I've studied the least-squares method from the Calculus approach, using polynomials of degree $n$: for a set of data points $(x_i,y_i)$, $i=1,...,n$, define a function $E=(y_i-f(x_i))^2$ with $f(x;\alpha_i)$ being the polynomial whose coefficients $\alpha_i$ we're trying to find. Solve for $\nabla f=0$, and you get a system $Ma=u$ where $a$ is the column matrix containing the coefficients of your polynomial. If it's a linear fit ($y=a_1 x + a_2$) then the equation looks like this:
$$ \begin{bmatrix} \sum(x_i^2) & \sum(x_i) \\ \sum(x_i) & n \end{bmatrix} \begin{bmatrix} a_1 \\ a_2 \end{bmatrix} = \begin{bmatrix} \sum(x_iy_i)\\ \sum(y_i) \end{bmatrix} $$ (With each sum going from $i=1$ to $n$, for clarity's sake).
My professor's notes say that, for such a system, the error associated with each coefficient can be found with the expression: $$\sigma^2_{a_k}=(M^{-1})_{kk}$$
Which I don't understand really well.

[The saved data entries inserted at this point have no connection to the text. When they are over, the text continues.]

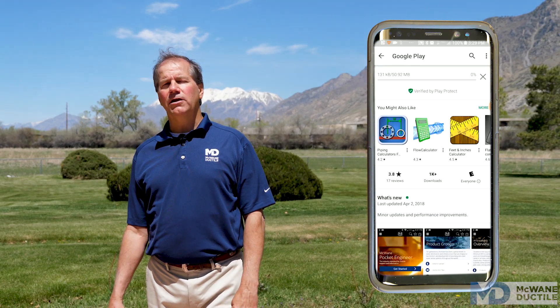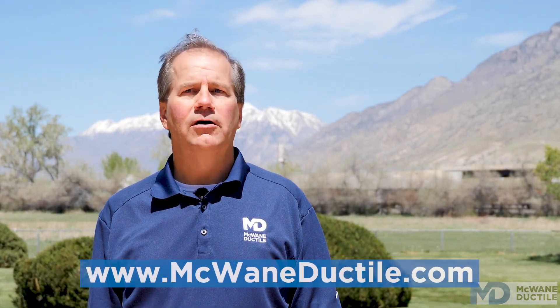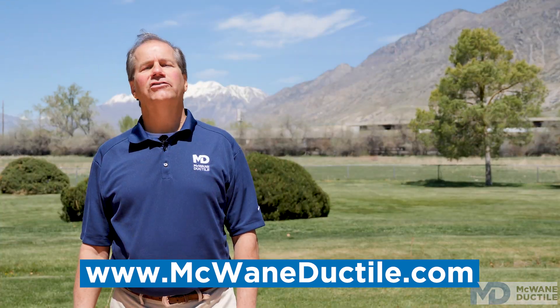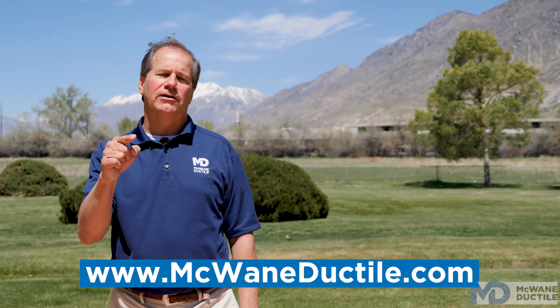You can find out more in the Iron Strong blog. We've answered the how many and where questions for restrained joints on a single fitting. To do this quickly for all fittings in your pipeline, go to the McWane Pocket Engineer. Thanks for watching this episode of Iron Strong. For more information on all things ductile, please visit our website or contact one of our product engineers. Until next time, remember to work hard, work smart, and work safe.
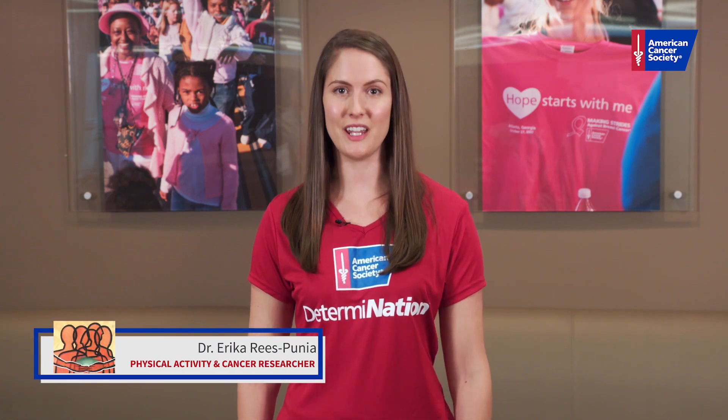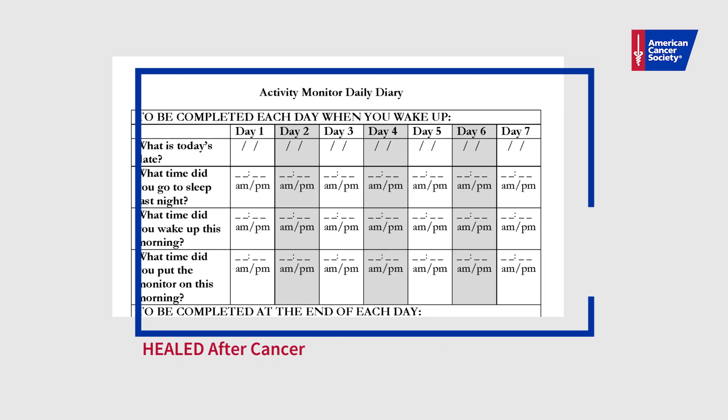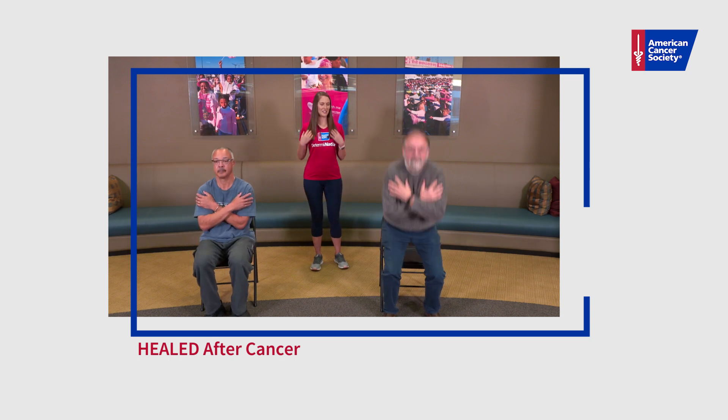Hi, I'm Dr. Erika Rees-Punya, a researcher in physical activity and cancer at the American Cancer Society. I'm so glad that you're interested in joining the Healed After Cancer Physical Activity Intervention. Before and after our intervention, we'll be asking you to take a survey and two video-guided tests to help us understand the benefits of physical activity.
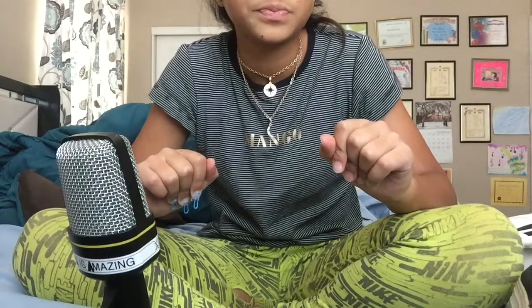Also, we hit 100 subscribers! OMG, I'm going to be doing a 100 subscriber special — two videos. I'm going to be doing a trigger reading and another kind of fun reading.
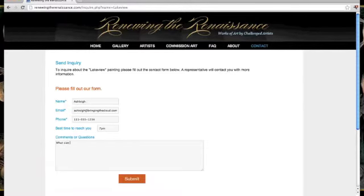You can note what size the painting is and indicate that you're interested in purchasing, then click Submit.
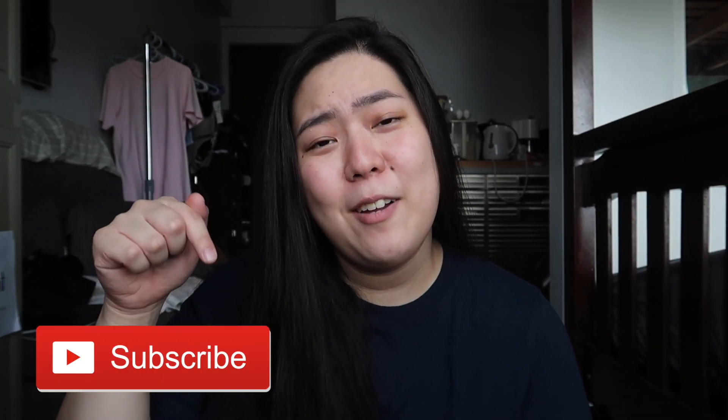Before I begin, I hope you guys subscribe to my channel. Click that red button down below and also the bell button if you want to be notified every time I upload my videos.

My questions are:
- Is the last equation referring to the variance of the k-th coefficient?
- If so, does that mean that I have to find the inverse of $M$, take the k-th element in the main diagonal and find its square root to find the error associated to said coefficient?

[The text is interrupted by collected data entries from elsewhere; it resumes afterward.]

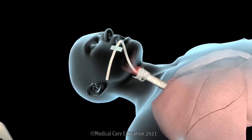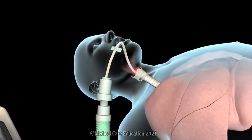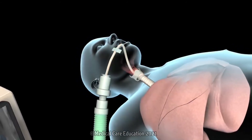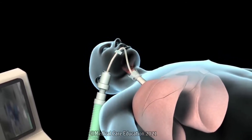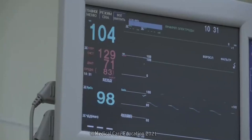Once the endotracheal tube is in the proper position, your doctor will attach it to the mechanical ventilator, which will have a specially designed pump that aids respiration by delivering well-oxygenated air into the lungs and permitting carbon dioxide to escape. Levels of oxygen and carbon dioxide will be closely monitored to confirm that the ventilator is working properly.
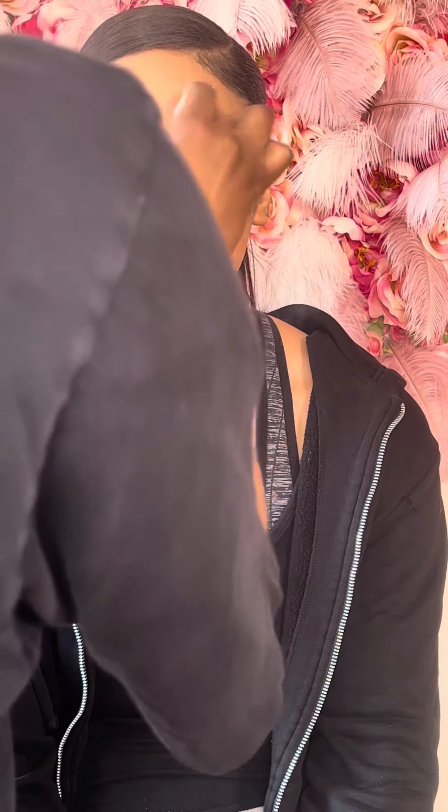With leftover translucent powder from my powder puff, I'm just setting her forehead. I don't like to use a lot of translucent powder on the forehead because I don't like that bright halo look on top.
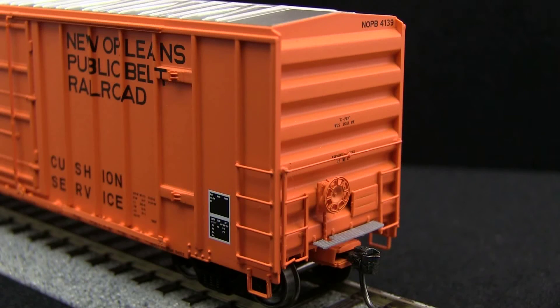This car has freestanding grab irons and separately applied tack boards on the end. The crossover platforms are made of plastic and are very nicely done and see-through. The car comes with KD scale couplers. The coupler height was a little high on both ends of this car.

I'm asking because I'm not entirely sure I'm getting the notation right. This is what I've done so far: I've tried to perform a simple, linear regression with the least-squares method using the data:
$\begin{array} {} \hline \textbf{x} & \textbf{y} \\ \hline 1.02 & 1.03 \\ 1.99 & 2.06 \\ 3.03 & 2.99 \end{array}$
Which is an approximation to $y=x$ that I just made up, which should result in a system $y=ax+b$ with $a\approx 1$ and $b\approx 0$. After solving the system:
$$ \begin{bmatrix} 14.18 & 6.04 \\ 6.04 & 3 \end{bmatrix} \begin{bmatrix} a \\ b \end{bmatrix} = \begin{bmatrix} 14.21\\ 6.08 \end{bmatrix} $$
I get $a\approx 0.974153$ and $b \approx 0.065371$. Then, with my understanding of how to calculate the error associated with each coefficient and after calculating $M^{-1}$, I get $\sigma_a = \Delta a = \sqrt{0.4948...} = 0.7034...$ and $\sigma_b = \Delta a = \sqrt{0.2339...} = 0.48...$, which doesn't seem right. Why is the error for $b$ so big? Am I making a wrong assumption about what the standard deviation means? (Maybe it's not the same as $\Delta b$?).
Thanks in advance.
No, the variance-covariance matrix of the estimators is given by $$ \hat{\sigma}^2M^{-1}, $$ where $$ \hat{\sigma}^2 = \frac{1}{3 - 2} \sum_{i=1}^3(\hat{y}_i-y_i)^2. $$ In your case $ \hat{\sigma} = 0.00471 $, hence the standard deviation of $\hat{b}$ is $0.105$ and of $\hat{a}$ is $0.048$.